A triangle is just a set of three points

@0celo7 The triangle made out of the n-cube's half-diagonal and the radius of the sphere (when taken downward, not upward as in the picture) has as its third side the half-diagonal of an n-1-cube.

@ACuriousMind eye twitch

what

Also isn't the pythagorean theorem basically an axiom of $R^n$

Isn't it just the metric defined on it

How do you even prove the Pythagorean theorem in $\Bbb R^n$

@ACuriousMind and what induction step!?

For the Pythagorean theorem or for the sphere

Because it's obvious that you get $\sqrt{r^2+\cdots+r^2}=\sqrt{nr^2}=\sqrt nr$.

@0celo7 What? The induction step is that if you know it for the n-1-cube, applying Pythagoras once gives you the statement for the n-cube.

@ACuriousMind ...what

I obviously do not understand induction

You can of course just say "n-fold application of Pythagoras' theorem gives" instead of the induction.

@ACuriousMind is that the same as $x^2+y^2+\cdots =r^2$?

@0celo7 Ehhh? If that's obvious, what is there left to prove?

@ACuriousMind Well is what I wrote correct?

Sure

I don't know how to prove the Pythagorean theorem :(

In $n$ dimensions

How do I do it

Rotate into the plane of the triangle and use rotational invariance of the Euclidean norm?

Sure

I don't see what you think there is to prove - the triangle lies in a plane. The rest of the space is wholly irrelevant.

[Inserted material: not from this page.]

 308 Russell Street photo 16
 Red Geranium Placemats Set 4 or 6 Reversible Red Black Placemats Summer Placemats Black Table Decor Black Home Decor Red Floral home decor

Then use the definition of the norm

That's basically the norm

Proving it from Euclid's axioms might be a bit longer tho

@Slereah Oh god not that again

cut-the-knot.org/pythagoras/Proof1.shtml

This is, apparently

I don't believe there's any way for me to kick this into the review queue manually, but here's a question that was edited and has not been reviewed for reopening since. Let's get some eyes on it..

Hm

R^n with the taxicab metric does not obey Pythagoras' theorem

I wonder what Euclidian axiom it breaks

Perhaps the bit about a unique line between two points

What is even a line in the taxicab metric

I think the condition to avoid the problem that a curve with $\ddot x = 0$ everywhere should still work in my idea is to add the initial condition that $\dot x(\lambda_0) \neq 0$

Since I don't want to have a dot

Hello guys, can someone please help me with the problem which looks like basic Newtonian physics. I'm stuck at the last step here physics.stackexchange.com/questions/264148/…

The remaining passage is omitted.